LA MUERTE DEL COMENDADOR (LIBRO II), O LAS FORMAS MALEABLES DE LO REAL

Por John Gómez.
La narrativa de Haruki Murakami destaca por la creación de atmósferas envolventes y enigmas irresolubles que se extienden por el territorio japonés, en donde abundan las descripciones de terrenos montañosos y geografías costeras, salpicadas por hechos históricos y datos precisos que hacen, de sus obras, historias verosímiles cargadas de licencias poéticas. Y en el caso de La muerte del comendador (Libro II) esto no es una excepción.
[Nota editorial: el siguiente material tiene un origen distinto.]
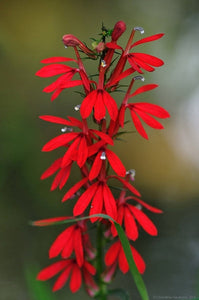 Lobelia (Cardinal Flower) - 6"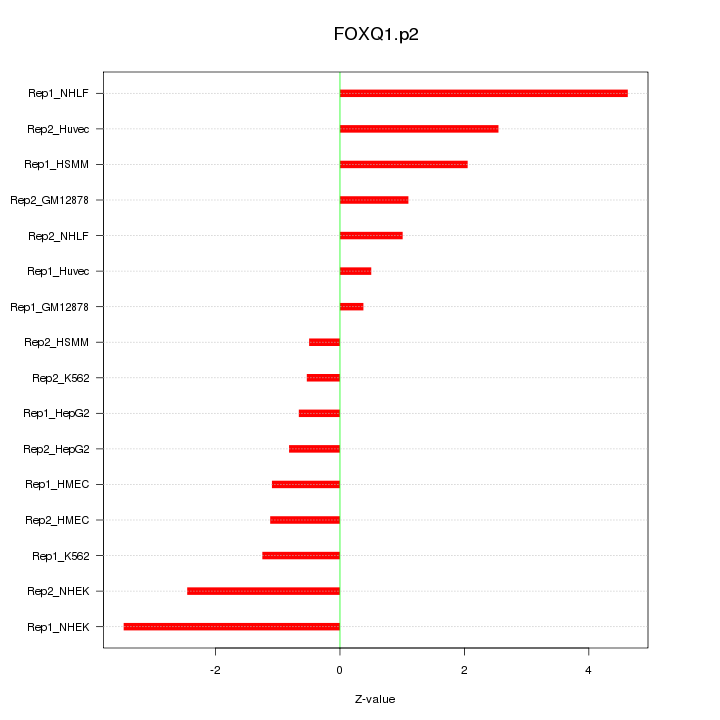 Sorted Z-values for motif FOXQ1.p2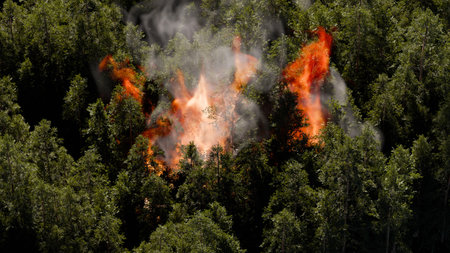 Bright flames engulf trees in a dense forest as smoke billows into the air. scene captures the...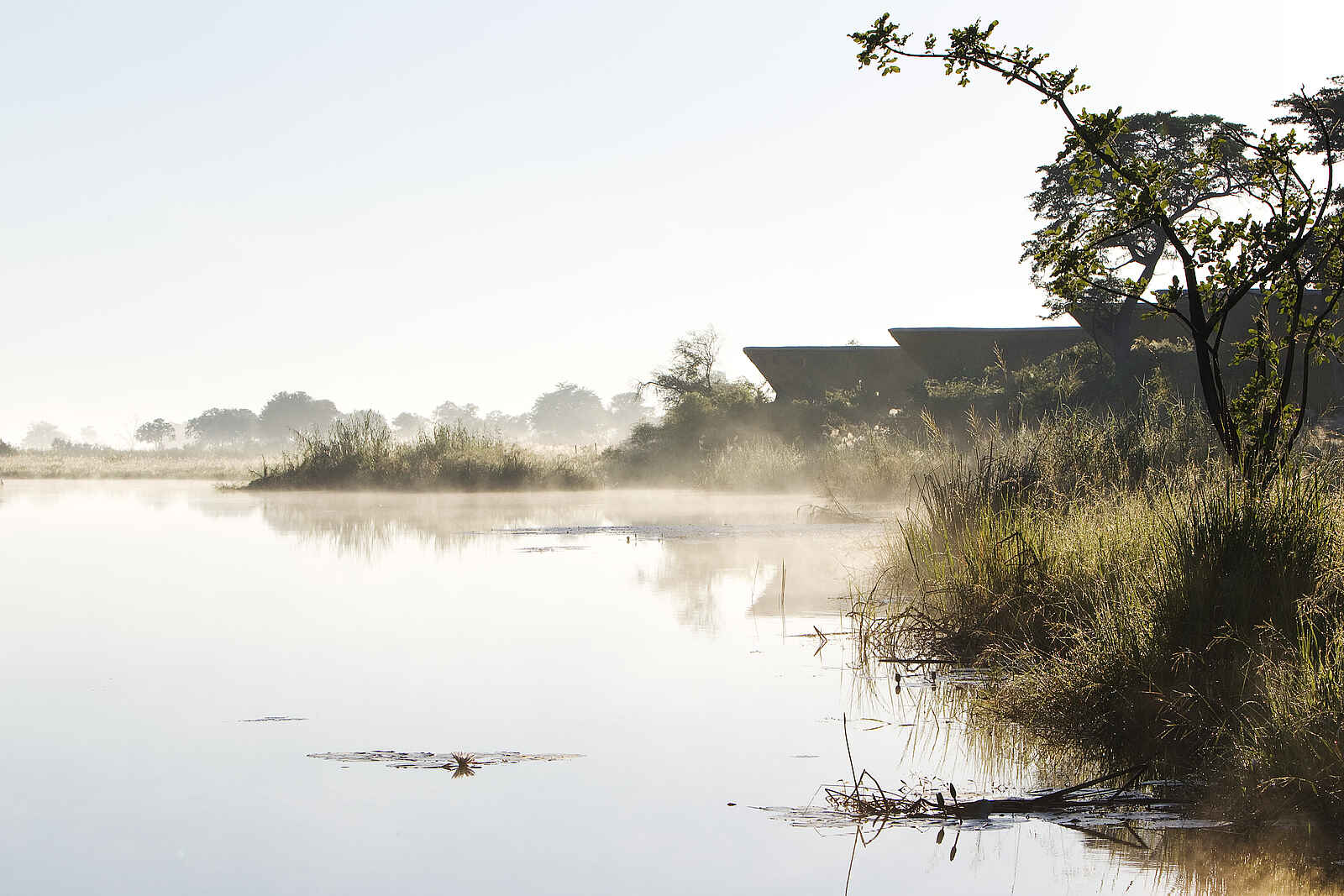 Lagoon Camp: Chalets im Morgendunst Lagoon Camp: Chalets im Morgendunst
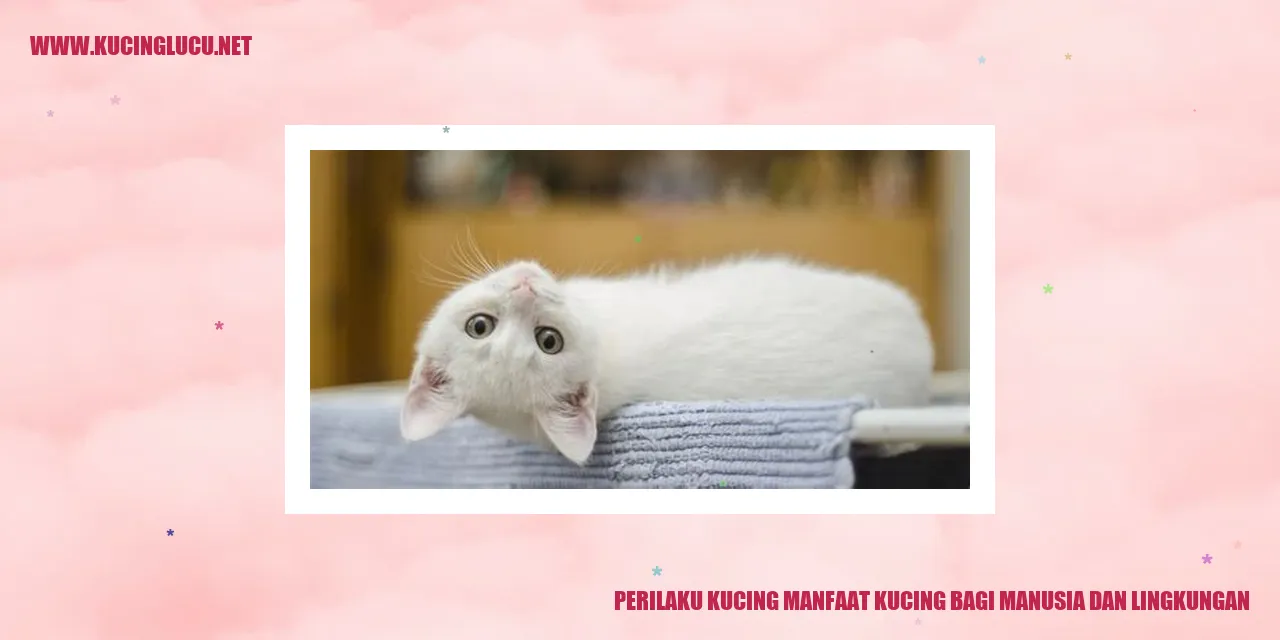 Perilaku Kucing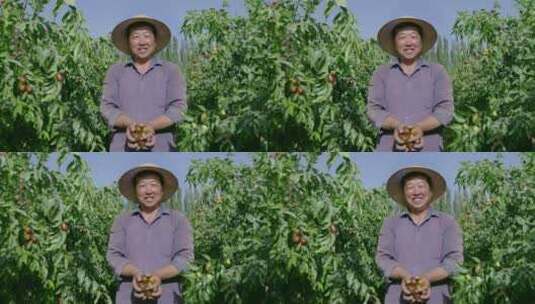 大枣丰收农户的笑脸高清在线视频素材下载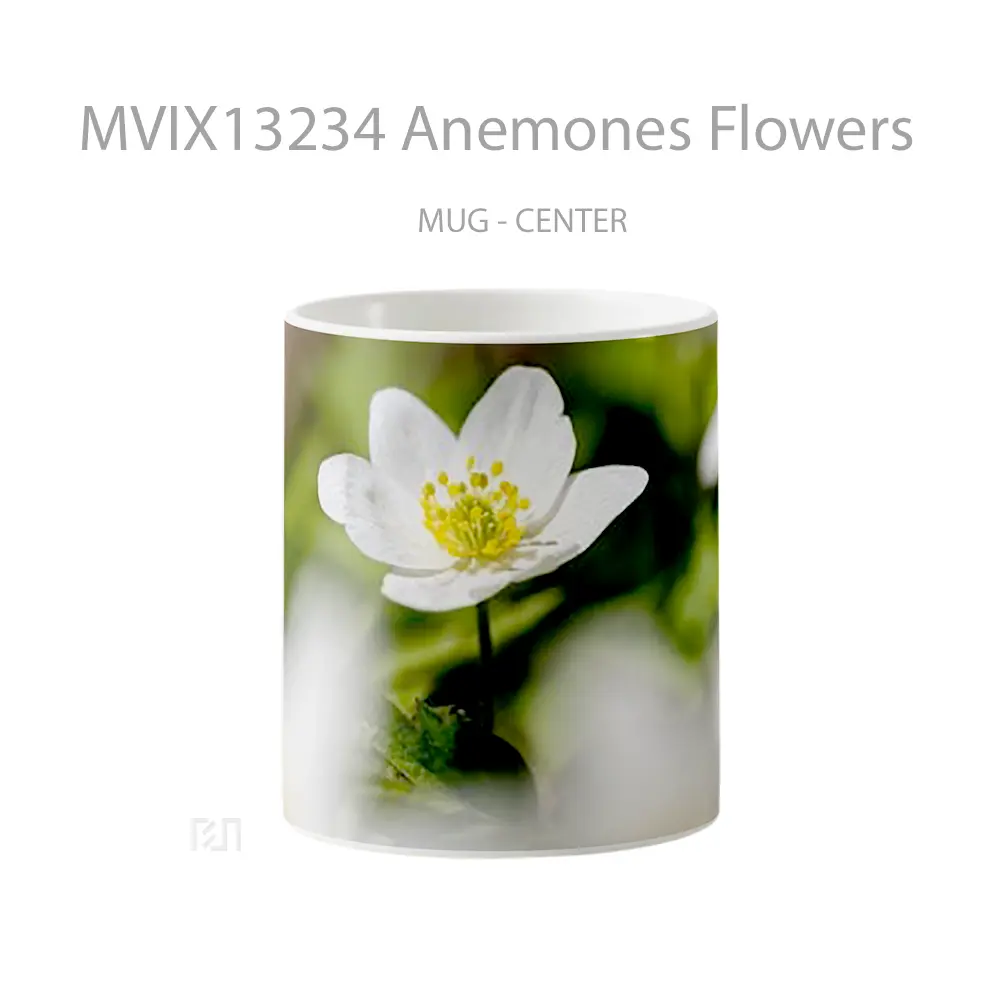 Mug Anemones Flowers Gelas Pemandangan Alam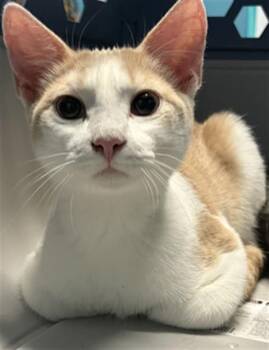 A662055 -  Domestic Short Hair Cat for Adoption in Houston, Texas - A662055 | PetCurious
La historia, que tiene como punto de partida un divorcio repentino y lo que bien podría ser un intento de huida de sí mismo, pronto se ramifica en una serie de misterios que atraviesan el tiempo, el espacio y las representaciones de ideas y metáforas cada vez más palpables, haciendo que el mundo del narrador (un retratista de treinta y seis años) se vea invadido de repente por presencias inquietantes y extrañas, como la de Menshiki, quien parece tirar de los hilos para acercarse a la que podría ser su hija biológica, o la de la misma Marie, cuya existencia está rodeada de incógnitas que entrelazan las vidas del pintor Tomohiko Amada, su tía Shoko Akikawa, la imagen persistente del hombre del Subaru Forester blanco, entre otros, sin dejar de lado al comendador y “cara larga”, que irrumpen en el mundo real para complicar un poco más la trama y llevar al narrador por un periplo iniciático, que lo obliga a descender a un reino de penumbras y enfrentarse a todo aquello que teme, para terminar emergiendo en una resurrección más que metafórica. Al final, y sin haberlo anticipado, el círculo se ha cerrado definitivamente y todo aquello que parecía perdido de forma irremediable (su esposa Yuzu, su hija Muro, concebida en sueños) vuelve a él, no sin antes demandar una especie de sacrificio.

Así, Editorial Planeta nos trae esta obra de Haruki Murakami, dividida en dos tomos, con traducción de Fernando Cordobés González y Yoko Ogihara, para recordarnos que, al final, es cuestión de tiempo (del tiempo mismo de las cosas, ese que habita fuera de nosotros), o quizá de todo aquello que estamos dispuestos a sacrificar para encontrarnos del otro lado del laberinto. Y al igual que el azorado narrador, no tenemos más alternativa que arrastrarnos fuera del abismo, esperando que, del otro lado, quede alguna luz que pueda guiarnos.